**DIRECTIONS**
Output all of the data exactly, keeping any images out of the copy.
··· PROVIDED INFORMATION ···
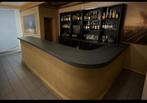 Complete bar te koop, Huis en Inrichting, Barren, Ophalen, Gebruikt, Inclusief barstoelen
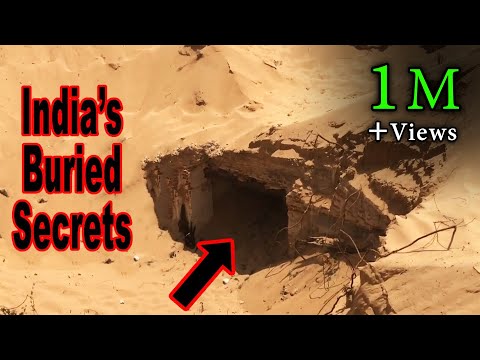 Video: In India, In A Sand Quarry At Great Depths, An Ancient Temple Was Found - Alternative View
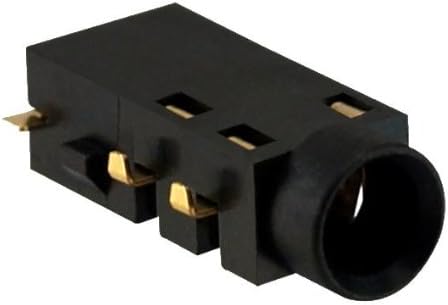 Phone Connectors 3.5mm Stereo Jack Mid Mt 2 SMT Pads (10 pieces)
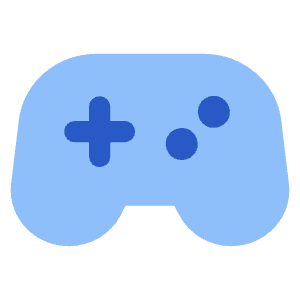 Controller Solo Icon from Core Flat Set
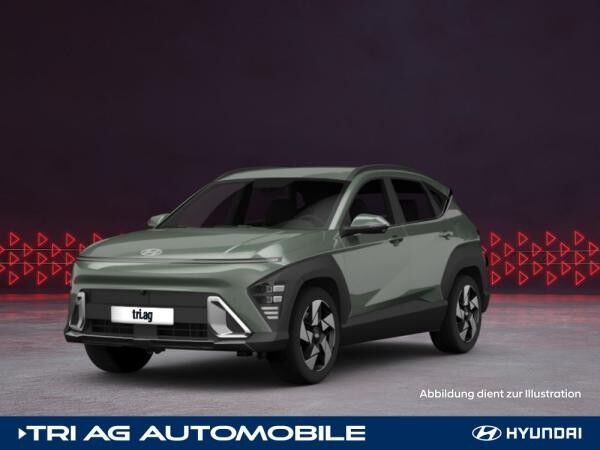 Hyundai KONA Select 1.0 T-GDI Mirage Green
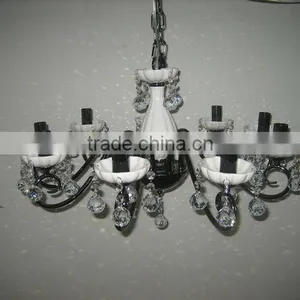 Lobby Luxus High Quanlity Crystal Glass Livingroom Light Chandelier thumbnail-1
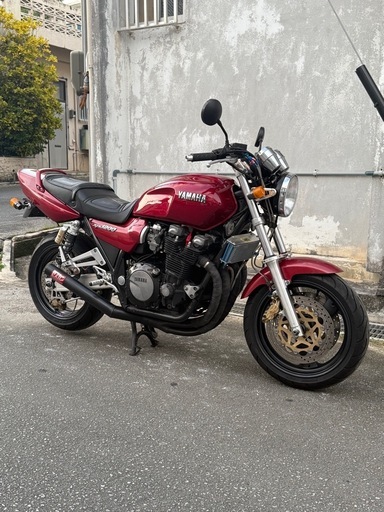 【名義変更込み】ヤマハ・ＸＪＲ１２００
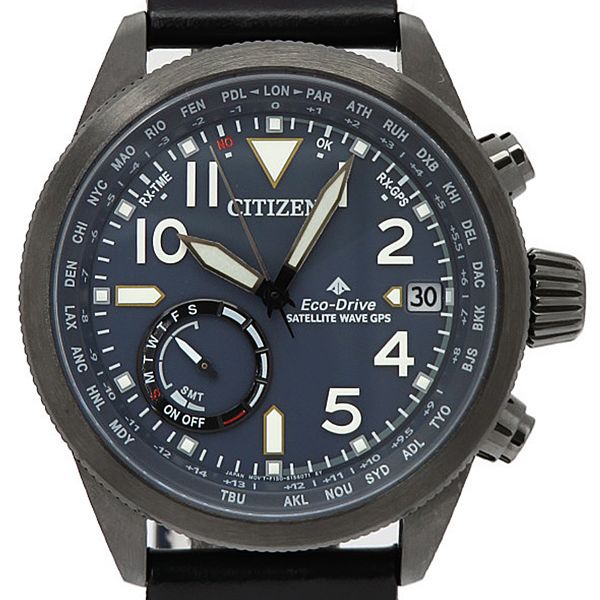 Citizen CC3067-11L - Satellite Wave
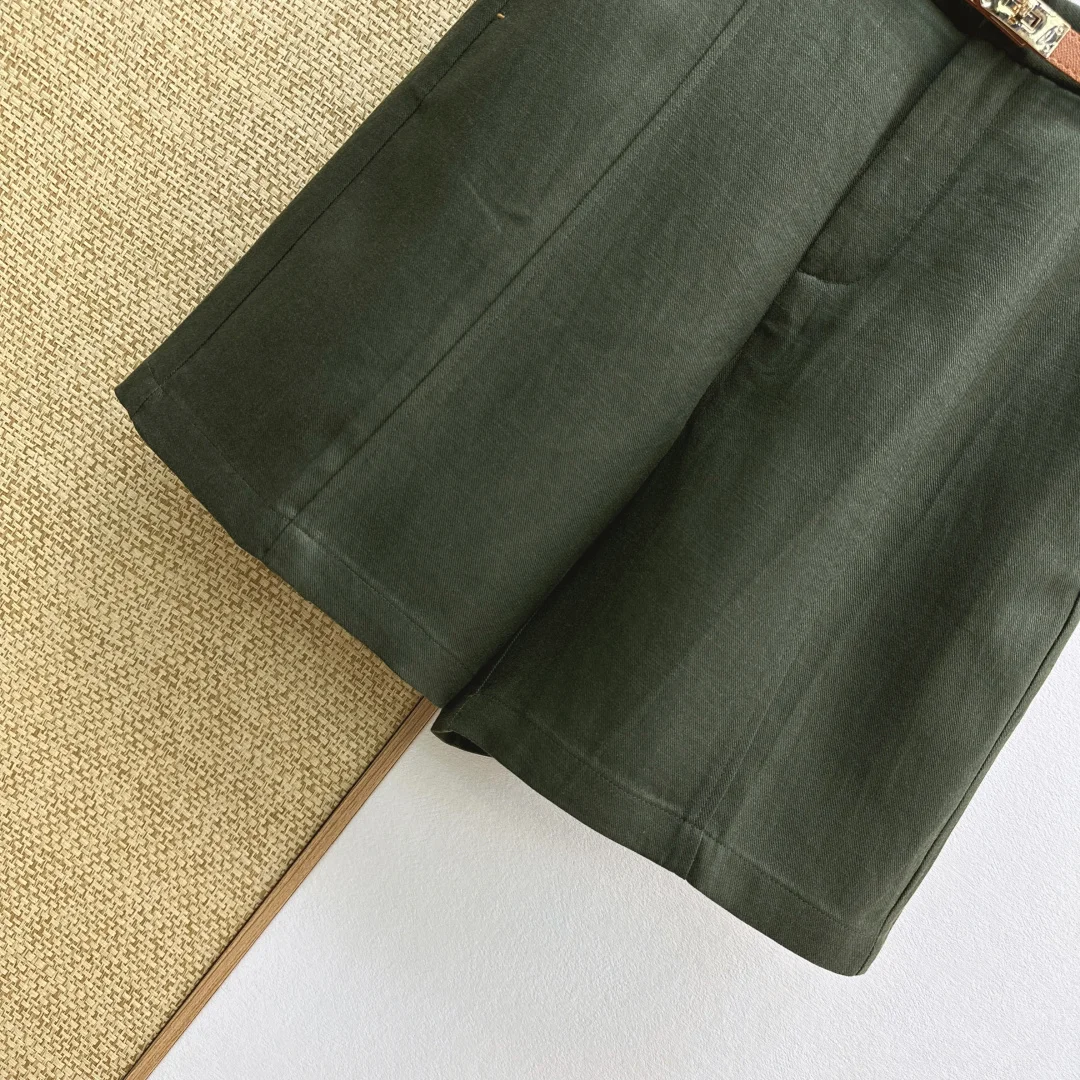 RALPH LAUREN Shorts Linen S-M-L B05202608042350 - Image 5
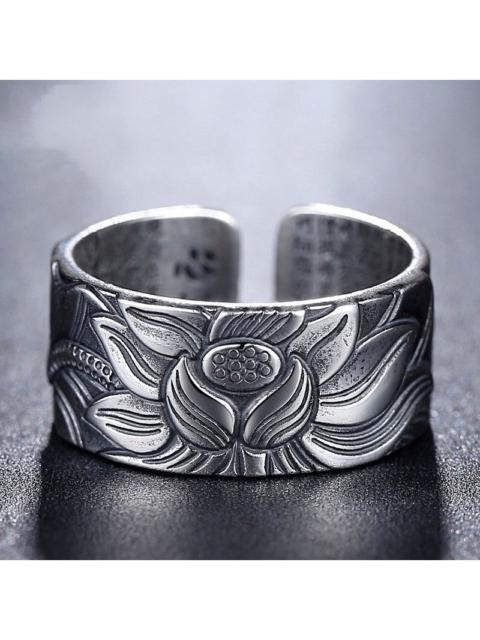 Other Designers Jewelry - Flowers Adjustable Ring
···
**TASK OUTPUT**
 Complete bar te koop, Huis en Inrichting, Barren, Ophalen, Gebruikt, Inclusief barstoelen
 Video: In India, In A Sand Quarry At Great Depths, An Ancient Temple Was Found - Alternative View
 Phone Connectors 3.5mm Stereo Jack Mid Mt 2 SMT Pads (10 pieces)
 Controller Solo Icon from Core Flat Set
 Hyundai KONA Select 1.0 T-GDI Mirage Green
 Lobby Luxus High Quanlity Crystal Glass Livingroom Light Chandelier thumbnail-1
 【名義変更込み】ヤマハ・ＸＪＲ１２００
 Citizen CC3067-11L - Satellite Wave
 RALPH LAUREN Shorts Linen S-M-L B05202608042350 - Image 5
 Other Designers Jewelry - Flowers Adjustable Ring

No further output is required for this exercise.